When I was a child playing house with my friends, I knew exactly what I wanted my grown-up life to be like. I'd be married to a tall, handsome pop singer (not telling which one - it would date me too much). We'd have four children, two boys and two girls with two years between each child. Out of that lovely fantasy, one thing came true. I got married.
I'm not sure why two years between children seemed like the perfect pregnancy spacing in my 9-year-old imagination. As an adult who started having children a little later in life, two years seemed too long between babies - yet my second and third children are two and a half years apart.
In the end, pregnancy spacing is often based on a combination of personal preference and luck. You might want to space your babies close together so you get the diapers and child care done earlier. You might want to space them further apart so you can enjoy the specific stages of growth and development with each child before you introduce another child. Sometimes you get pregnant sooner than you thought you would or long after you hoped you would.

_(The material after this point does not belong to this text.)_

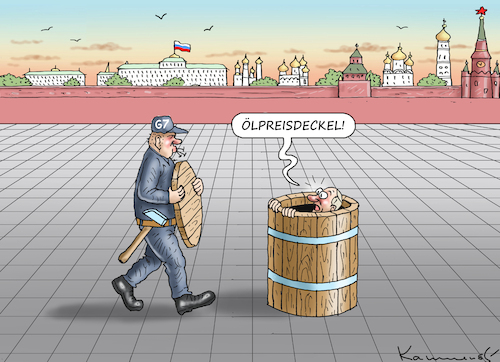 Cartoon: G7-ÖLPREISDECKEL (medium) by marian kamensky tagged g7,ölpreisdeckel,g7,ölpreisdeckel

When you're planning your next pregnancy, you have many things to consider:
Has your body completely recovered from pregnancy and birth? It can take a year or even longer to develop stores of essential nutrients that may have been depleted during pregnancy and breast-feeding.
How will another baby affect your older child or children? Some people space children close together, hoping that the kids will feel like best friends. Others space them further apart to make sure that each child gets individual attention or is more independent when the next one comes along.
What's the state of your budget? Having babies close together might get the drain of child care off the budget sooner, and it might be easier to focus on your career if the kids are all in school at the same time. On the other hand, spacing children further apart can give you more time to recover from the financial and emotional impact of pregnancy and early child care.
Finally, remember that things don't always go according to plan - so be flexible. In the end, the ideal spacing between children is what works for you and your family.